• [REQUIREMENT] Every line below must come back exactly as it stands, with the images omitted.

• [PROVIDED DATA]
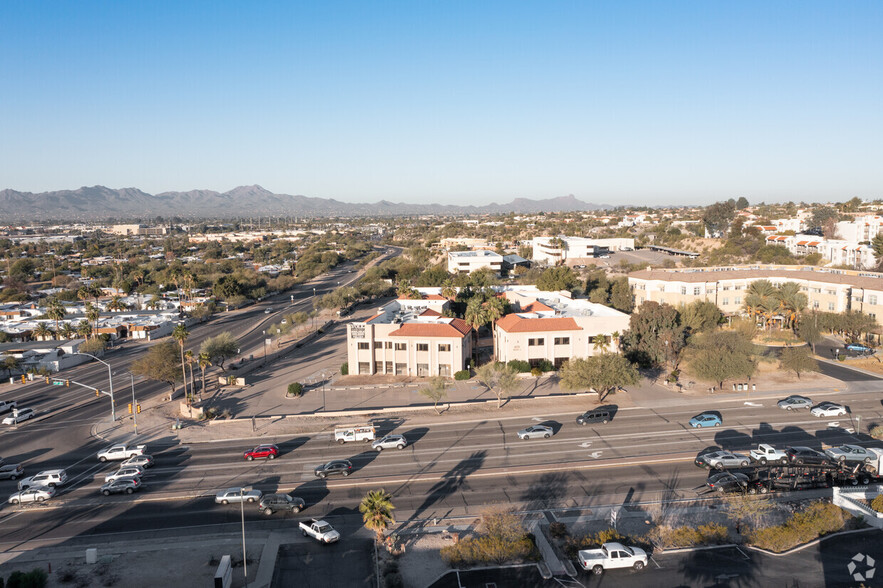 675 E River Rd, Tucson, AZ en venta - Foto del edificio - Imagen 3 de 7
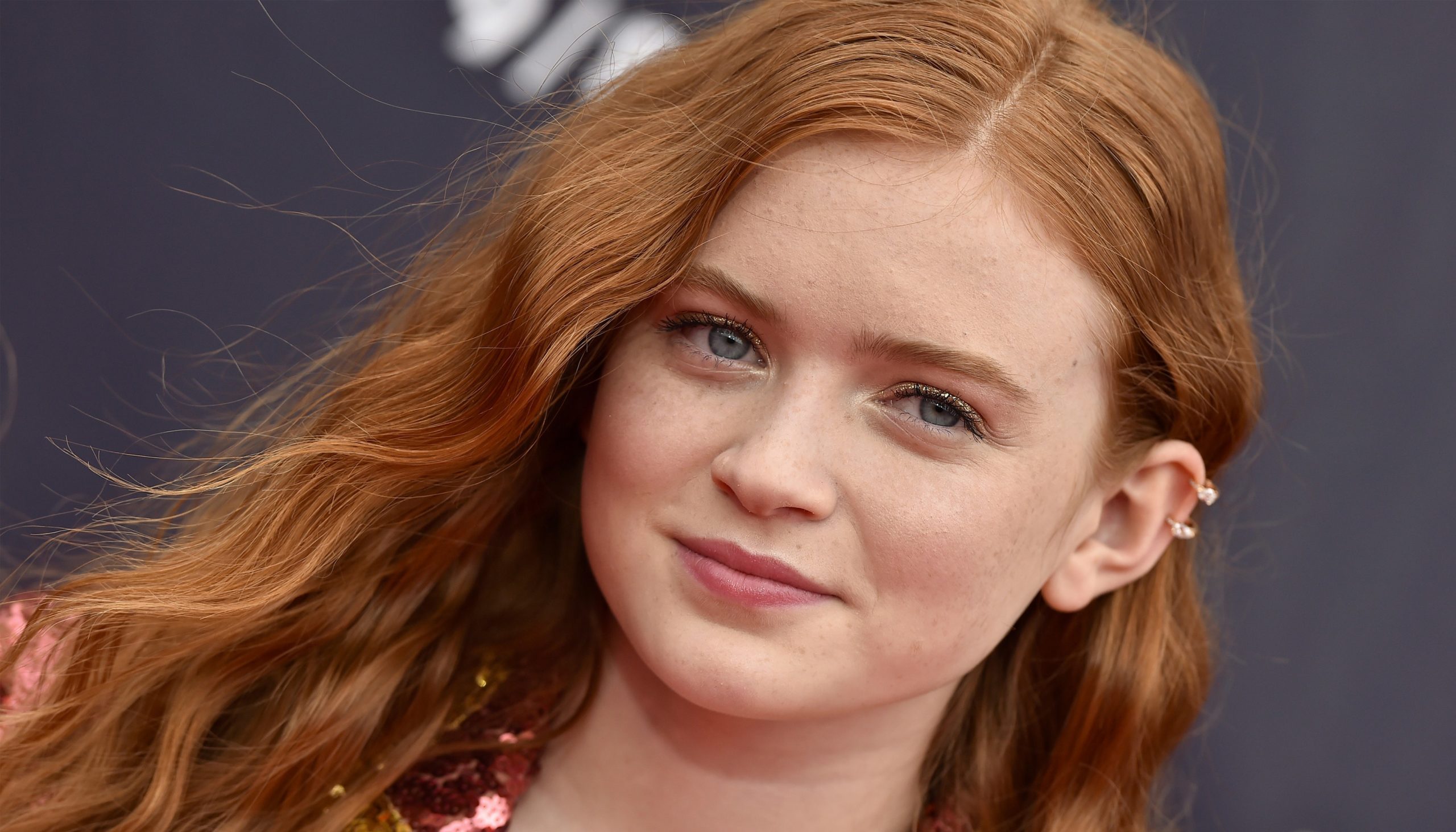 Sadie Sink Takes the Same Less-Is-More Approach to Beauty As Her Stranger Things Character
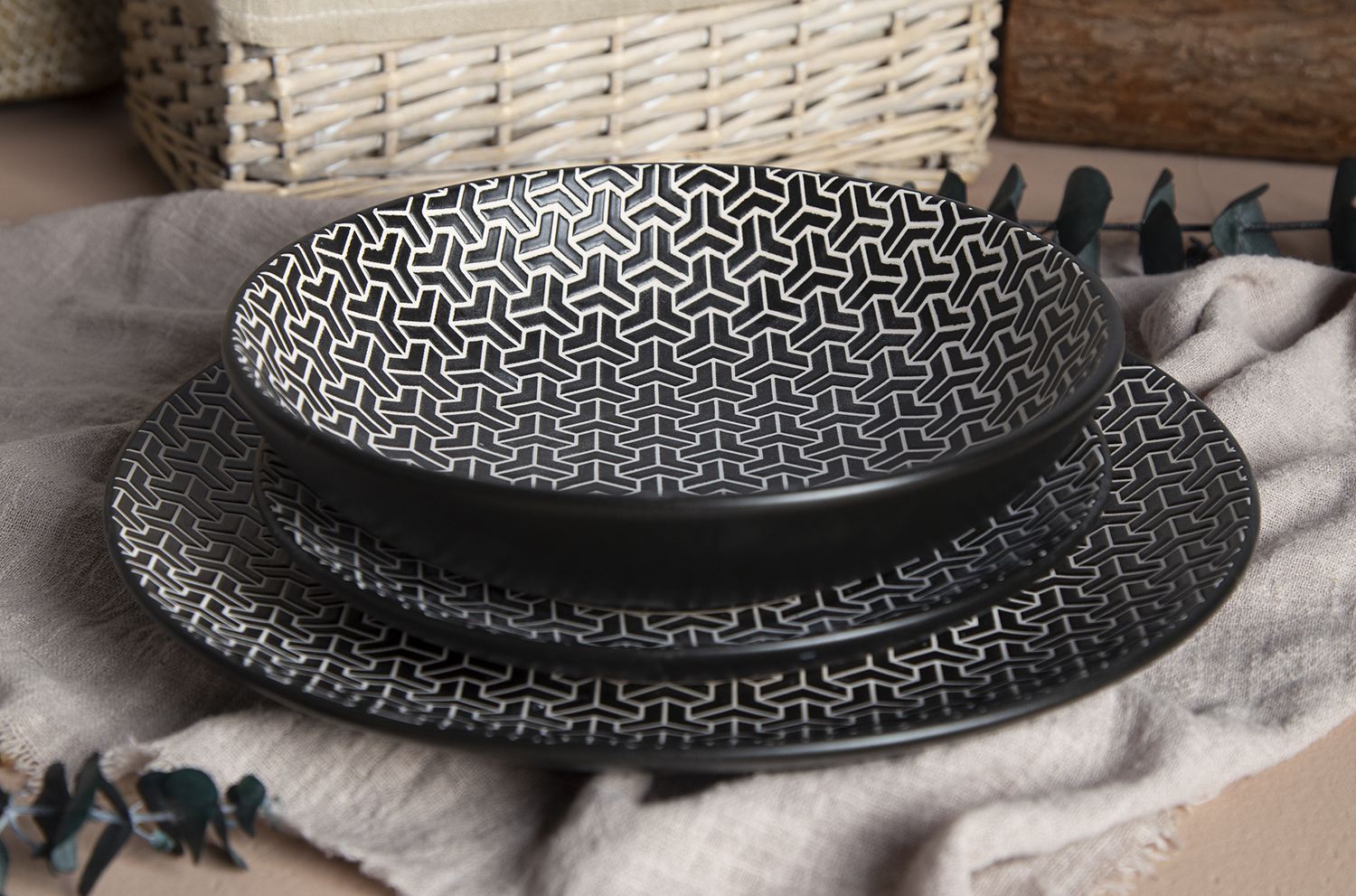 CHANGSHA HAPPY GO Gothic Fleur Embossed Reactive-Glaze Stoneware Bowl | Matte Black Exterior & White Relief | happygoceramics.com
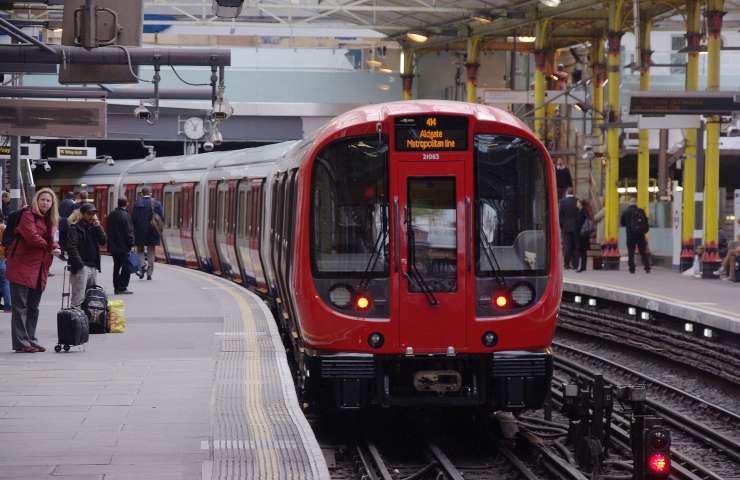 Slovenski navijači bodo v London prispeli med stavko delavcev podzemne železnice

• [YOUR RESPONSE]
 675 E River Rd, Tucson, AZ en venta - Foto del edificio - Imagen 3 de 7
 Sadie Sink Takes the Same Less-Is-More Approach to Beauty As Her Stranger Things Character
 CHANGSHA HAPPY GO Gothic Fleur Embossed Reactive-Glaze Stoneware Bowl | Matte Black Exterior & White Relief | happygoceramics.com
 Slovenski navijači bodo v London prispeli med stavko delavcev podzemne železnice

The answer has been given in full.